Pictures with short captions:
Start of Block

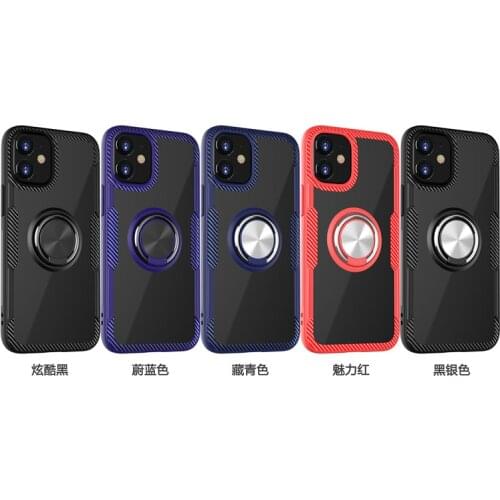 IPhone 11 12 Pro Max x xs xr 6 8 7 Plus SE Business Phone Case Transperant Acrylic PC Colorful Soft TPU Finger Ring Holder Armor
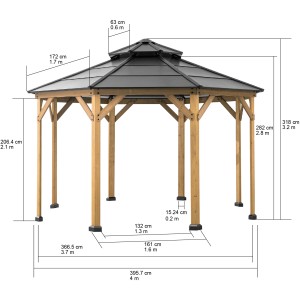 Sunjoy Gazebo Eggi Zedernholz, 395x395 cm, anthrazit, mit Maßangaben.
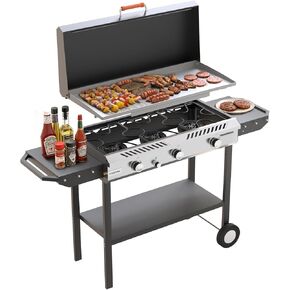 Veralune 3-in-1 Propane Stove & Griddle with Ignition & Regulator, 225,000 BTU Powerful Portable Gas Griddle with Storage Shelf, Portable Wheels for Backyard Cooking BBQ Frying and Boiling in Kuwait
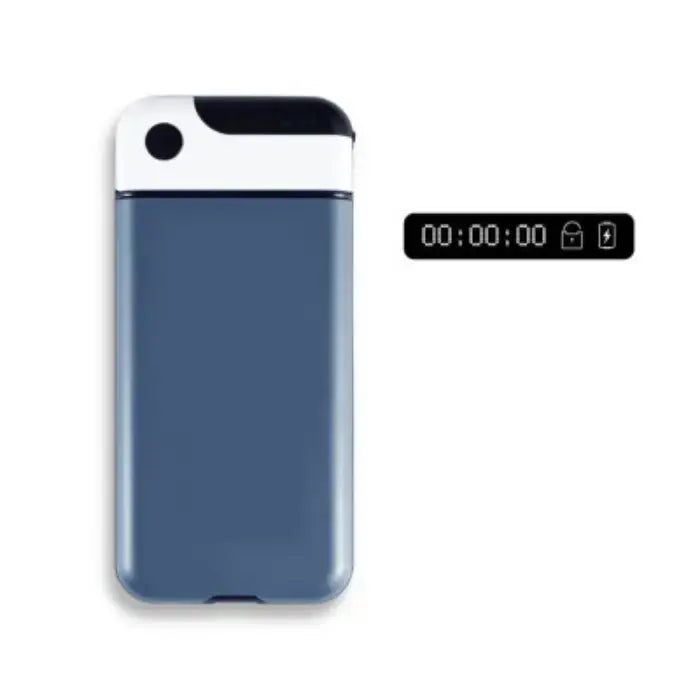 StudyLock Pro minimalist blue phone storage box with a timer lock for distraction-free productivity.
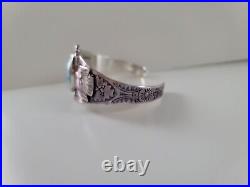 Vintage Native American Thunderbird 925 Stamped Cuff Turquoise Bracelet 6.5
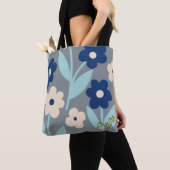 Coastal Calm Florals | Indigo & Turquoise pattern Tote Bag (Dichtbij)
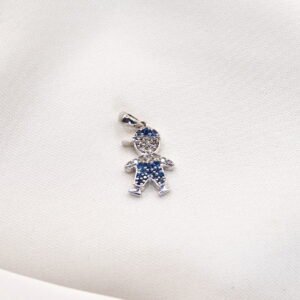 Dije de niño relleno con diamante & zafiro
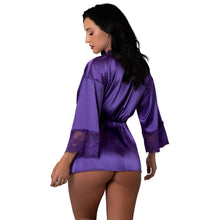 Magic Silk Satin Petals Robe Purple S/M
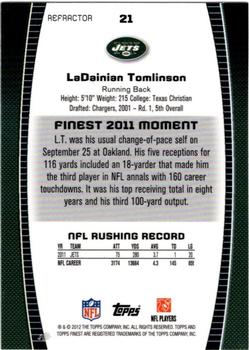 2012 Finest - Refractors #21 LaDainian Tomlinson Back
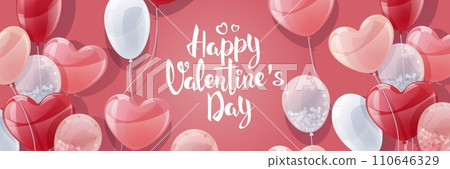 Horizontal banner with balloons. Design for Valentine s Day and Mother s Day. Background, poster with flying helium balloons in the shape of hearts. 110646329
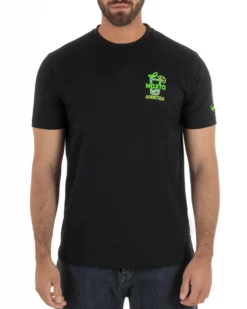 T-shirt uomo girocollo basic con ricamo Mojito Addicted leggera nero SUPERCULTURE-A1843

End of Block

**Exercise instructions:** With the pictures omitted, print precisely the lines from the one with "2012 Finest - Refractors" to the final line of the records, both included.

**Output of the task:**
 2012 Finest - Refractors #21 LaDainian Tomlinson Back
 Horizontal banner with balloons. Design for Valentine s Day and Mother s Day. Background, poster with flying helium balloons in the shape of hearts. 110646329
 T-shirt uomo girocollo basic con ricamo Mojito Addicted leggera nero SUPERCULTURE-A1843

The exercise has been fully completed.